What to Compare Before You Borrow

  • APR and fees: Compare interest, origination charges, withdrawal costs, and late-payment terms.
  • Liquidation rules: Find the maintenance LTV, liquidation threshold, notification process, and any liquidation fee.
  • Collateral custody: Understand who holds the crypto, whether it may be rehypothecated, and how it is returned.
  • Repayment flexibility: Check the term, payment schedule, early-repayment policy, and supported payment methods.
  • Eligibility: Confirm that the product supports your asset and is available in your country or state.

Risks of Borrowing Against Crypto

Borrowing avoids an immediate sale, but it does not remove market risk. Falling collateral prices can trigger a margin call or forced sale. You also take on lender, custody, smart-contract, stablecoin, and counterparty risk depending on the product. A loan can have tax consequences if collateral is liquidated, so consider qualified tax advice for your situation.

Borrow Against Crypto FAQs

Can you borrow against crypto without selling it?

Yes. A crypto-backed loan uses supported cryptocurrency as collateral instead of selling it. You receive cash or stablecoins and recover the remaining collateral after repaying the loan, subject to the lender's terms.

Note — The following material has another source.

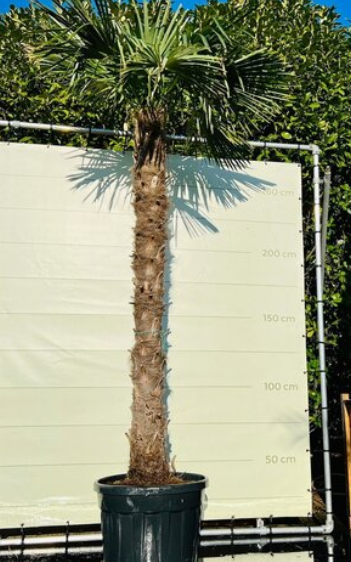 Chinese waaierpalm 230 cm stamhoogte Trachycarpus Fortunei 330 cm Warentuin Natuurlijk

How much can you borrow against crypto?

The amount depends on the collateral value and the lender's loan-to-value limit. At a 40% LTV, $10,000 of eligible collateral would support a $4,000 loan before fees. Borrowing less than the maximum creates a larger buffer against liquidation.

What happens if crypto collateral falls in value?

A price decline raises the loan's LTV. If it reaches the lender's margin-call or liquidation threshold, you may need to add collateral or repay part of the balance. The lender may sell collateral if the threshold is breached.

Does borrowing against crypto affect your credit score?

Requirements vary. Many crypto-backed lenders focus on collateral, identity verification, and regional eligibility, but some products may use credit checks or report payment activity. Check the lender's current policy before applying.